On the Runtime-Efficacy Trade-off of Anomaly Detection Techniques for Real-Time Streaming Data
This addresses the challenge for data scientists and engineers in selecting appropriate anomaly detection models for real-time applications, though it is incremental as it synthesizes existing techniques rather than introducing new ones.
The paper tackles the problem of selecting anomaly detection techniques for real-time streaming data by analyzing their runtime and accuracy trade-offs, providing a guide for choosing the best method based on production datasets from various domains.
Ever growing volume and velocity of data coupled with decreasing attention span of end users underscore the critical need for real-time analytics.
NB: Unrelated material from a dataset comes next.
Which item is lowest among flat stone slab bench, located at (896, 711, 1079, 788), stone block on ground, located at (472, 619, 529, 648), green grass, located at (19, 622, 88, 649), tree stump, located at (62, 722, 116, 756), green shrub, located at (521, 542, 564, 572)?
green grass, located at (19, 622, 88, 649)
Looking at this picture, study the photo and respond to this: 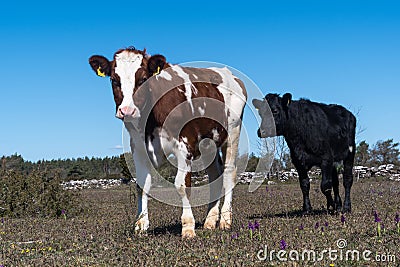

In this regard, anomaly detection plays a key role as an application as well as a means to verify data fidelity. Although the subject of anomaly detection has been researched for over 100 years in a multitude of disciplines such as, but not limited to, astronomy, statistics, manufacturing, econometrics, marketing, most of the existing techniques cannot be used as is on real-time data streams. Further, the lack of characterization of performance -- both with respect to real-timeliness and accuracy -- on production data sets makes model selection very challenging. To this end, we present an in-depth analysis, geared towards real-time streaming data, of anomaly detection techniques. Given the requirements with respect to real-timeliness and accuracy, the analysis presented in this paper should serve as a guide for selection of the "best" anomaly detection technique. To the best of our knowledge, this is the first characterization of anomaly detection techniques proposed in very diverse set of fields, using production data sets corresponding to a wide set of application domains.